22. “A dog teaches a boy fidelity, perseverance, and to turn around three times before lying down.”
23. “Always forgive your enemies; nothing annoys them so much.”
24. “If you want to know what God thinks of money, look at the people he gave it to.”
25. Never try to keep up with the Joneses. Drag them down to your level. It’s cheaper.”
26. “Planning meals in advance, now that’s some food forethought.”
27. I tell my friends, I’m here for them 24/7 because it sounds better than saying I’m only here for them on the 24th of July.”
28. “A cowboy asked me if I could help him round up 18 cows. I said, ‘Yes, of course. That would be 20 cows.’”

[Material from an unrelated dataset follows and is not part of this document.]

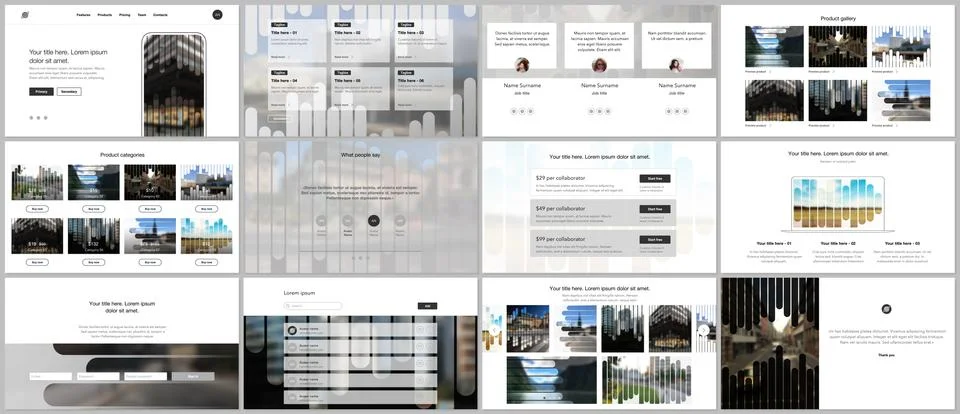 Vector templates for website design, presentations, portfolio. Templates for Illustrazione stock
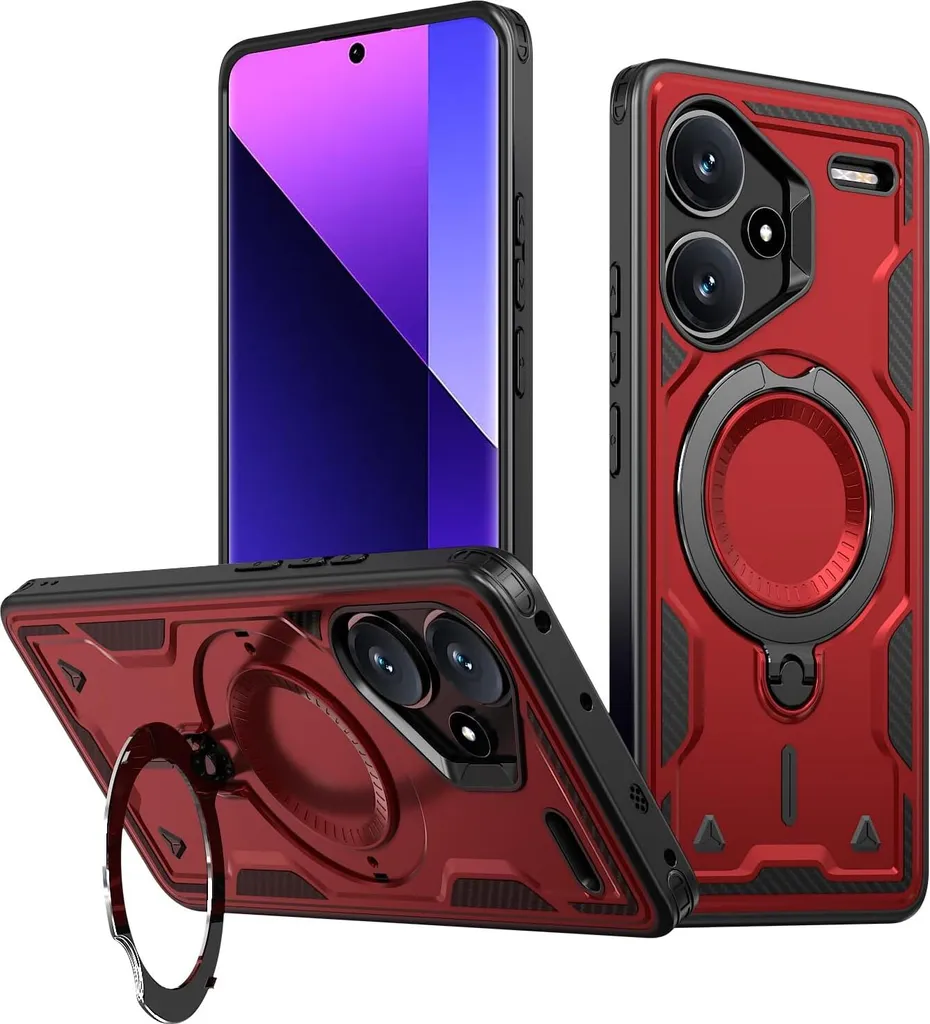 Custodia Protettiva Rossa Xiaomi Redmi Note 13 Pro+ 5G Armatura con Anello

29. “I’m pleased to be getting a beer belly. I’ve always wanted a father figure.”
30. “The cat could very well be man’s best friend but would never stoop to admitting it.”
31. “People say money is not the key to happiness, but I have always figured if you have enough money, you can have a key made.”
32. “The Bible tells us to love our neighbors, and also to love our enemies. Probably because they’re generally the same people.”
33. “The holy passion of friendship is of so sweet and steady and loyal and enduring a nature that it will last through a whole lifetime — if not asked to lend money.”
34. Dave and Bob, who are both 90 years old, loved baseball their whole lives. One day, Dave turns to Bob and says, "Will you promise me something? Promise me that if you die first and go to heaven, you'll come back and tell me if there's baseball there." Bob agrees, and makes Dave promise the same. Three months later, Bob dies. The next week, Dave wakes up in his sleep with someone calling his name. "Who's there?" he called out. "Dave! It's me Bob!" "Bob! It's so good to hear from you! How's heaven?" Dave asked. "It's great!" said Bob. "But I've got some good news and some bad news." "Well, tell me the good news first," said Dave. "Okay, the good news is that there is baseball in heaven." "That's great!" Dave exclaimed. "What's the bad news?" "The bad news is that I was reading the lineup, and you're pitching on Friday." ( thank you to PST )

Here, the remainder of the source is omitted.